About this exercise:
Find the line with "Modern bathroom with" in the entries below. Repeat it, every following line, and the line with "Pair of grasscloth", exactly and with nothing added.

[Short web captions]
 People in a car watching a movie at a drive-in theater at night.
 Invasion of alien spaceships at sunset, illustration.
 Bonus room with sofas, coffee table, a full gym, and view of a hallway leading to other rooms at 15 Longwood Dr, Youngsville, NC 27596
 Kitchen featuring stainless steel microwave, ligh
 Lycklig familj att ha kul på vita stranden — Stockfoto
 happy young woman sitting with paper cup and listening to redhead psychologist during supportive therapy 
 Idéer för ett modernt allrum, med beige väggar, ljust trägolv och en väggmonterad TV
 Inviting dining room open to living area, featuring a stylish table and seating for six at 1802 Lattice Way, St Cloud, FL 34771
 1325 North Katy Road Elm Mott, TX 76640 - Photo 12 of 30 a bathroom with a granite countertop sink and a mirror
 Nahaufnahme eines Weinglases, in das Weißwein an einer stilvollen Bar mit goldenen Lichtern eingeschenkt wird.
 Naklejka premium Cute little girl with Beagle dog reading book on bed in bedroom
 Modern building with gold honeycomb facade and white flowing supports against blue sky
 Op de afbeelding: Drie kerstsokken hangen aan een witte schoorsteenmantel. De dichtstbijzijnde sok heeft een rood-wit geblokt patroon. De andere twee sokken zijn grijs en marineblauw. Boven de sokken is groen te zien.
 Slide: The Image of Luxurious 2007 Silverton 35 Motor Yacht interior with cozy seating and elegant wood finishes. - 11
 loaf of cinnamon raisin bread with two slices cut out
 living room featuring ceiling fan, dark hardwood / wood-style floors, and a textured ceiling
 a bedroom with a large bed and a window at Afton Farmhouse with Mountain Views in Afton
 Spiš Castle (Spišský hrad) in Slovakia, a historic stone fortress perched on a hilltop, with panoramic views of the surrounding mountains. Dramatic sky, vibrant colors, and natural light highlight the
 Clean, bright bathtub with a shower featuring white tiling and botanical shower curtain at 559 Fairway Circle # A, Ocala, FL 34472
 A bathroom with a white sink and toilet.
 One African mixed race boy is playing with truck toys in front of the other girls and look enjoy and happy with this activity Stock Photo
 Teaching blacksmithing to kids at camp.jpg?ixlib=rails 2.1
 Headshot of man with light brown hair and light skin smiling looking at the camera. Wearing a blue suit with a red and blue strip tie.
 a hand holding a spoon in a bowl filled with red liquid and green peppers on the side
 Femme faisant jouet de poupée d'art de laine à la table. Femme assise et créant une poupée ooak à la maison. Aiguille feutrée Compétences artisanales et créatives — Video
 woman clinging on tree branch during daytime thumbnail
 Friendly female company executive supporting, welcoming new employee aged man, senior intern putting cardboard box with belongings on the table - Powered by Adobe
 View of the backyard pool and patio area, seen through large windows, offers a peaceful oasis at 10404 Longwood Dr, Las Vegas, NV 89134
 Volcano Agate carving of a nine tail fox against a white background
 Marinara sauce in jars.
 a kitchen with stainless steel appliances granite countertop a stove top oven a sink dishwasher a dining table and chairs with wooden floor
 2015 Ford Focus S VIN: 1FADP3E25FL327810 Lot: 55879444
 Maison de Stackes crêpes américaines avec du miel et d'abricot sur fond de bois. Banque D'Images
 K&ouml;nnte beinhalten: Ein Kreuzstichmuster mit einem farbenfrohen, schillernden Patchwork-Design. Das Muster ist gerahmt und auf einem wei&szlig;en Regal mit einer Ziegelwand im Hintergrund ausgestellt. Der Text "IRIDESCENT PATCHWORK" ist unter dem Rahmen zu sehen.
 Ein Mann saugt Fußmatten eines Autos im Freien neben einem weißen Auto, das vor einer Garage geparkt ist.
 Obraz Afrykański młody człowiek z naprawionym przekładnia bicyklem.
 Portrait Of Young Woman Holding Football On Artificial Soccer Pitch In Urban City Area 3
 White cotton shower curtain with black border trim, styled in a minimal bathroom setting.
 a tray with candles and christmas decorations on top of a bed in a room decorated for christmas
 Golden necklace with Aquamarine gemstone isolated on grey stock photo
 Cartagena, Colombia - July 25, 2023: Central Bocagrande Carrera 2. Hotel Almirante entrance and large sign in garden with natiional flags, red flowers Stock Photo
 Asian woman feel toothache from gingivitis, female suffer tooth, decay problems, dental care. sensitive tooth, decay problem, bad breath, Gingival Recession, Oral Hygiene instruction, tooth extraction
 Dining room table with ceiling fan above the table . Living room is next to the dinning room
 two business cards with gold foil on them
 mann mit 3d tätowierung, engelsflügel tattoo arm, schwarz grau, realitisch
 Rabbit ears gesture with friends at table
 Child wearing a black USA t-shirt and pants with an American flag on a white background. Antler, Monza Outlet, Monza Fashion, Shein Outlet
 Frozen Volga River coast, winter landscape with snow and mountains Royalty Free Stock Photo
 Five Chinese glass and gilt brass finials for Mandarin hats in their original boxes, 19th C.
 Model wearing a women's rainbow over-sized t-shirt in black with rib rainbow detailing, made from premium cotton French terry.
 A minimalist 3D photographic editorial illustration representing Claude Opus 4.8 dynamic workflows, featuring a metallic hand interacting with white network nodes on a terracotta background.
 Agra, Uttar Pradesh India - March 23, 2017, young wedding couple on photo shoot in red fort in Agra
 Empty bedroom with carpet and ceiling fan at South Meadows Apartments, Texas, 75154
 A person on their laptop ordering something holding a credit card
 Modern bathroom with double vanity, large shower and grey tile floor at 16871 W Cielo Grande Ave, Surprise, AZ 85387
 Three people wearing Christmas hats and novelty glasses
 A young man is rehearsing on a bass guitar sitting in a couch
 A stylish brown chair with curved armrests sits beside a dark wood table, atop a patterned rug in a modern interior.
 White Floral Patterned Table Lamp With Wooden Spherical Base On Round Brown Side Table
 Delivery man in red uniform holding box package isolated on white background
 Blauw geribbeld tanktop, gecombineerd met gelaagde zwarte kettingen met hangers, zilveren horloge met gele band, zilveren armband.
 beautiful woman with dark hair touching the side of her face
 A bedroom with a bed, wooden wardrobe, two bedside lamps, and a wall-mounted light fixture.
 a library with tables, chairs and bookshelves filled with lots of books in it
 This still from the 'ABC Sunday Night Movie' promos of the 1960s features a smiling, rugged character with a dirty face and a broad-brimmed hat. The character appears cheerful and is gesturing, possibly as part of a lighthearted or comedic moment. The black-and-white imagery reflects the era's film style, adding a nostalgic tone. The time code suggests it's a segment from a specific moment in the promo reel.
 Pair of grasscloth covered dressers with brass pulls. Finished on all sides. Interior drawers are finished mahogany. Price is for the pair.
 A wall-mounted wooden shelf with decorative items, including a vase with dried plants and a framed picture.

Task response:
 Modern bathroom with double vanity, large shower and grey tile floor at 16871 W Cielo Grande Ave, Surprise, AZ 85387
 Three people wearing Christmas hats and novelty glasses
 A young man is rehearsing on a bass guitar sitting in a couch
 A stylish brown chair with curved armrests sits beside a dark wood table, atop a patterned rug in a modern interior.
 White Floral Patterned Table Lamp With Wooden Spherical Base On Round Brown Side Table
 Delivery man in red uniform holding box package isolated on white background
 Blauw geribbeld tanktop, gecombineerd met gelaagde zwarte kettingen met hangers, zilveren horloge met gele band, zilveren armband.
 beautiful woman with dark hair touching the side of her face
 A bedroom with a bed, wooden wardrobe, two bedside lamps, and a wall-mounted light fixture.
 a library with tables, chairs and bookshelves filled with lots of books in it
 This still from the 'ABC Sunday Night Movie' promos of the 1960s features a smiling, rugged character with a dirty face and a broad-brimmed hat. The character appears cheerful and is gesturing, possibly as part of a lighthearted or comedic moment. The black-and-white imagery reflects the era's film style, adding a nostalgic tone. The time code suggests it's a segment from a specific moment in the promo reel.
 Pair of grasscloth covered dressers with brass pulls. Finished on all sides. Interior drawers are finished mahogany. Price is for the pair.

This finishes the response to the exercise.